|Home | About | Journals | Submit | Contact Us | Français|
To construct and optimize a neural network that is capable of predicting the occurrence of recurrent aphthous ulceration (RAU) based on a set of appropriate input data.
Artificial neural networks (ANN) software employing genetic algorithms to optimize the architecture neural networks was used. Input and output data of 86 participants (predisposing factors and status of the participants with regards to recurrent aphthous ulceration) were used to construct and train the neural networks.
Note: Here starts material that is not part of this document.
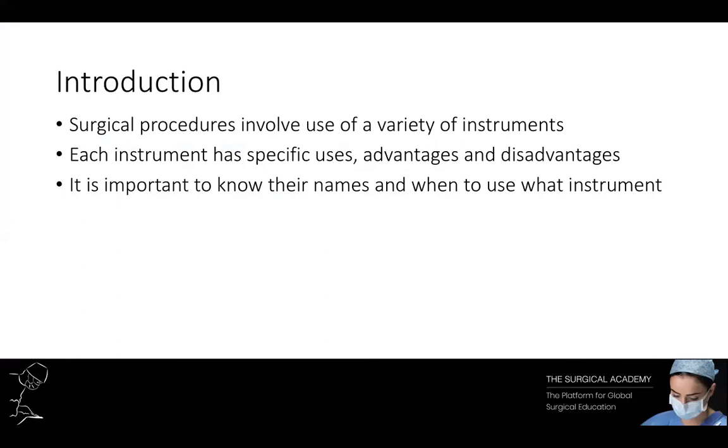Different specialties will have their own specific kit. Today we're going to cover the main instruments that are found in a general surgery set for an open abdominal surgery.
The optimized neural networks were then tested using untrained data of a further 10 participants.
The optimized neural network, which produced the most accurate predictions for the presence or absence of recurrent aphthous ulceration was found to employ: gender, hematological (with or without ferritin) and mycological data of the participants, frequency of tooth brushing, and consumption of vegetables and fruits.
Factors appearing to be related to recurrent aphthous ulceration and appropriate for use as input data to construct ANNs that predict recurrent aphthous ulceration were found to include the following: gender, hemoglobin, serum vitamin B12, serum ferritin, red cell folate, salivary candidal colony count, frequency of tooth brushing, and the number of fruits or vegetables consumed daily.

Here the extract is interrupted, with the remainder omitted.